Provided data
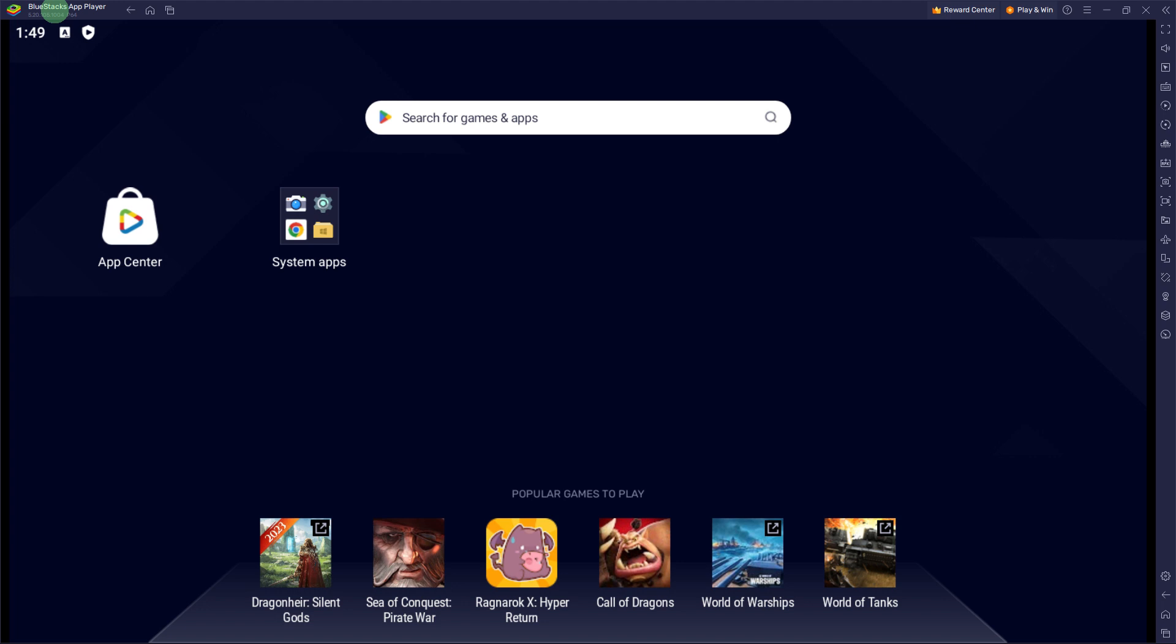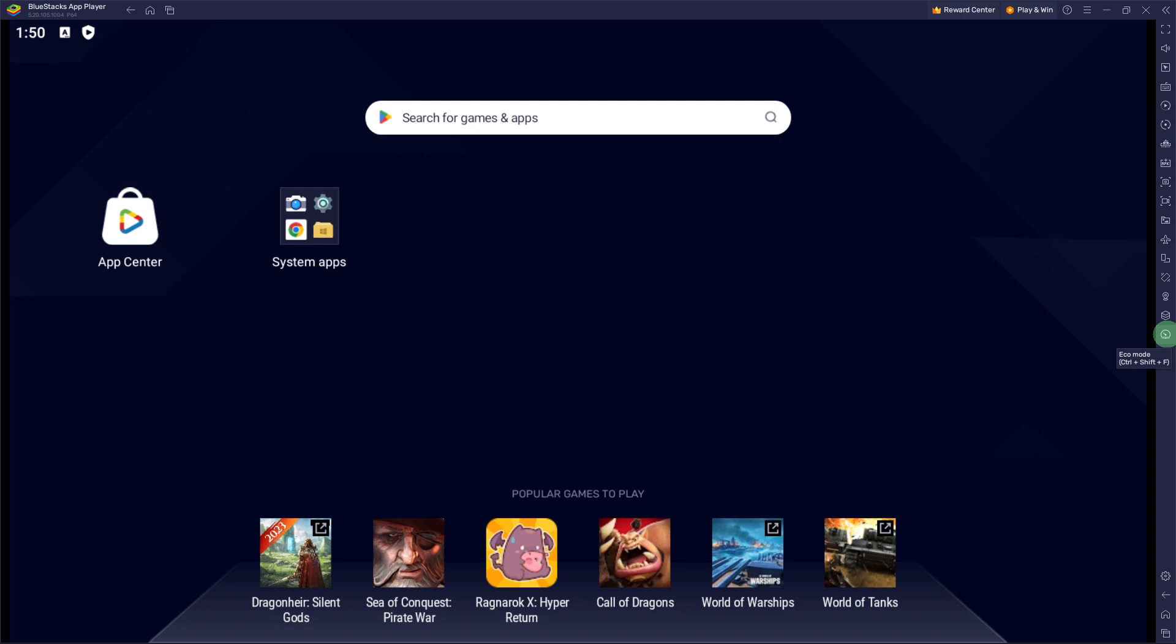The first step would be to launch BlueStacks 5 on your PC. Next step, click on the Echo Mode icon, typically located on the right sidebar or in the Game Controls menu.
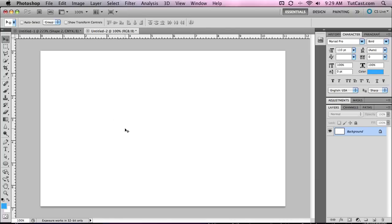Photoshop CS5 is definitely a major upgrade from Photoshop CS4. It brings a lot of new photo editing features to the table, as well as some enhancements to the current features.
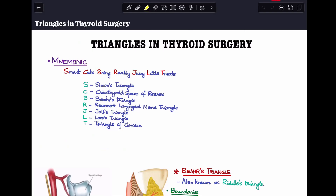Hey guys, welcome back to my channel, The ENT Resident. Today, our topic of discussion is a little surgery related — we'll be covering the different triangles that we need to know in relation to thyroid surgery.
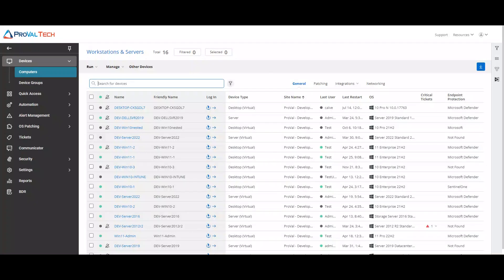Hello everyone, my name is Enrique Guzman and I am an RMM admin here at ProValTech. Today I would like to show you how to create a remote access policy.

Problem to work on
The answer must be an exact copy of the lines from the one with "Hey guys, welcome" through the final line above, both ends included, and nothing else; pictures stay out.

Completed exercise
Hey guys, welcome back to my channel, The ENT Resident. Today, our topic of discussion is a little surgery related — we'll be covering the different triangles that we need to know in relation to thyroid surgery.
Hello everyone, my name is Enrique Guzman and I am an RMM admin here at ProValTech. Today I would like to show you how to create a remote access policy.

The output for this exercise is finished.